The regulator will have the power to determine what constitutes harmful content and to impose penalties on companies that fail to take expedient action to remove content deemed inappropriate.
"There will be a powerful sanction regime and it's inconceivable that it won't include financial penalties. And they will have to be of a size to act as a deterrent," James told Business Insider.
She said the sanctions regime would not be "too dissimilar from the powers that the (Information Commissioner's Office) ICO already has." The ICO, under Europe's new GDPR privacy laws, currently has the power to impose fines of up to 4 percent of global revenue for serious data breaches.
Four percent would mean a maximum $2.2 billion penalty for Facebook, whose 2018 revenue was $55.8 billion. The fine would be even steeper for Google's parent company Alphabet – a penalty up to $5.4 billion out of its $136.8 billion revenue in 2018.
A policy paper of internet safety to be released next month will detail the plans in full, but James' statements are the most specific yet from the British government in terms of fines.
In addition to financial reprimands, the government has also hinted that tech executives could face criminal sanctions if they don't bring their platforms to heel.
"We will consider all possible options for penalties," U.K. Culture Secretary Jeremy Wright told the BBC a few weeks ago.
When it comes to what constitutes harmful content, James said the government is taking a "holistic" view, including everything from terrorist recruitment to child grooming and self-harm. The regulator will also consider misinformation within its assessment.
That means the penalty system will be wider-ranging than Germany's, which impose hefty fines for hate speech. James said the U.K. hopes the regulator will serve as a template for other countries.
While the judgments are not all clear at this point, James said one of the guiding principles will be that "what is illegal and unacceptable offline should be illegal and unacceptable online."
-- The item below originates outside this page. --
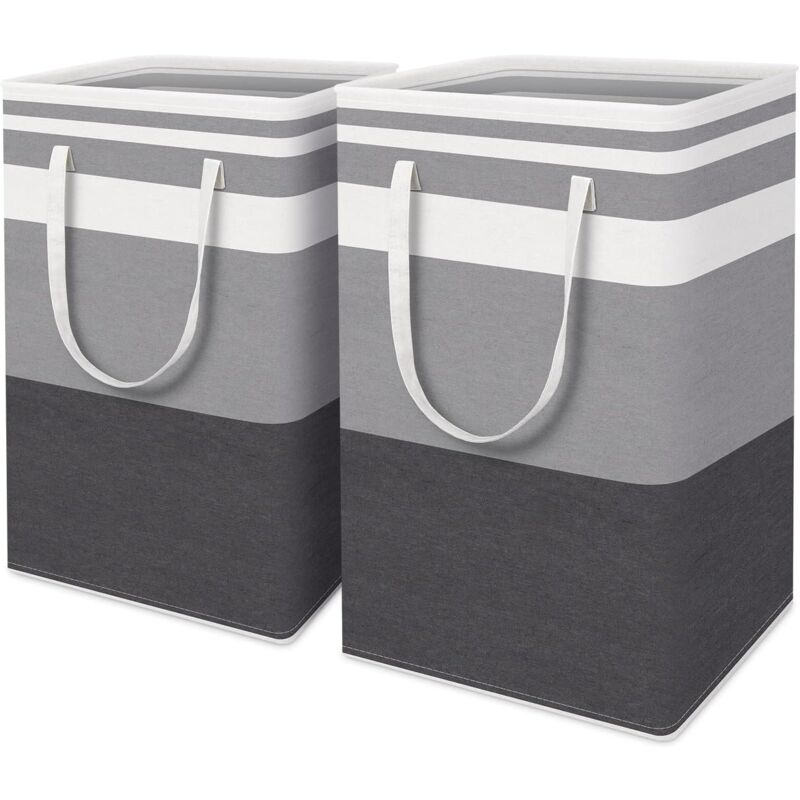 2 Pack Large Foldable Laundry Basket With Easy Carry Handles, Waterproof And Extended Handles For Storing And Carrying - Image 1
She also said that social media firms are not necessarily at fault for harmful content that shows up on their platforms, but they are responsible for removing it promptly.
"You've got to take it down before it proliferates. That's the point. It's too late once three weeks have gone by," she said.
She added, however, that the government is sensitive to the need to not stifle innovation with heavy-handed regulations.
"We clearly don't want a kind of regulatory environment whose default is to deny and suppress because we want to encourage innovation," James said.
U.K. minister are still deciding whether they will set up the new regulator or give the powers to the country's media watchdog Ofcom, which currently makes decisions on inappropriate content aired on television.
Meanwhile on Thursday, EU officials said Facebook and Twitter are doing too little to scrutinize advertising placements on their sites in the run-up to European Union elections in May, despite their pledges to fight disinformation.
In a second monthly report, officials at the European Commission, the EU's executive arm, said the U.S. internet giants did not show what they had done in January to scrutinize such ad placements.
They said Google offered data on actions taken in January to better study ad placements but did not clarify the extent to which they tackled disinformation or another problems, such as misleading advertising.
"We urge Facebook, Google and Twitter to do more across all member states to help ensure the integrity of the European Parliament elections in May 2019," said a statement by Vice President for the Digital Single Market Andrus Ansip and other officials.
"We also encourage platforms to strengthen their cooperation with fact-checkers and academic researchers to detect disinformation campaigns and make fact-checked content more visible and widespread," they added.
In January, the commission started producing monthly reports on what the internet players have done to meet pledges made late last year in a "code of practice" to fight disinformation.
As in the first report, Facebook on Thursday topped the list for criticism.
Not only did Facebook not report the results of activities in January to inspect ad placements, it did not report on the number of fake accounts removed for malicious actions targeting the EU.
The social network has in the past been accused of being used as a platform to spread divisive or misleading information, most notably during the 2016 election that put U.S. President Donald Trump in the White House.
Facebook ads have also been at the center of the FBI investigation over Russia's alleged meddling in that election and suspicions are rife that the Kremlin has interfered in votes across Europe.
Moscow has repeatedly denied allegations of hacking and meddling in foreign elections through disinformation over recent years.
Analysts warn that populist parties opposed to founding EU democratic values could do well in the May 23-26 elections by playing on anti-immigration sentiment.
Such parties have already done well in national elections, including coming to power in Italy.